Note that markers live in Prop, which means they get erased during extraction: markers do not impact the extracted OCaml code.

Looking ahead: what should/could changes

Unicode handling: ICU4X

Currently, Unicode support is mostly hand-written, especially on the JavaScript side. A better solution would be to rely on specialized libraries, e.g. ICU4X.

Advantages include:

  • Reduces the amount of unverified code on our end;
  • Maintained by the Unicode Consortium, which warrants a certain amount of confidence in the implementation's correctness;
  • Provides specialized data structures tailored for unicode (e.g. unicode sets), which might improve the extracted engine's performance;
  • Sketch a clear path toward engines supporting all unicode properties.

This was not done for two reasons:

  • ICU4X does not offer OCaml support. ICU4C could be used instead;
  • JavaScript support is offered through a WebAssembly library, which should be inlined into our standalone JavaScript files.

Modules in

The Coq's API could be changed to rely on modules rather than typeclasses. This doesn't seem to be the preferred way to do such things in Coq, but this could dramatically reduce the amount of boilerplate needed to provide two different APIs.

Abstracting (character) sequences

One suspected bottleneck of the engine is the representation of the input string. It is currently represented as a (singly-linked) list of characters.

This means that accessing a character at a given index has a complexity of O(length ls), and computing the length of the list suffers from the same poor complexity.

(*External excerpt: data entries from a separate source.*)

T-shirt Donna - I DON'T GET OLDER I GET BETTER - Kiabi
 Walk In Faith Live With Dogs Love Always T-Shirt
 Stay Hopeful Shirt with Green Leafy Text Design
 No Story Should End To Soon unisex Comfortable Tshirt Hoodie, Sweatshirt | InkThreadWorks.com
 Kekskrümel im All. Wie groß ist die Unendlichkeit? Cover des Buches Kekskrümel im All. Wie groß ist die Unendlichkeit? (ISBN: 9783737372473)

This could be fixed by representing the input string differently, e.g. using arrays. This could be achieved by either representing strings as an abstract type realized at extraction, or by providing a typeclass (akin to CharSet).

Off-by-one: lists sometimes start at 1

The specification uses lists to represent many different things (the input string, captured groups, ...). These lists indices typically start at 0, but the list of captured groups is a notable exception: the indices start at 1.

This is currently implemented by leveraging the fact that 0-indexed lists are always indexed using integers, whereas the 1-indexed ones are indexed using positive_integers.

Whether to start the indices at 0 or 1 is hence determined by the type used to index. This should be changed to be an intrinsic property of lists, rather than inferred this way.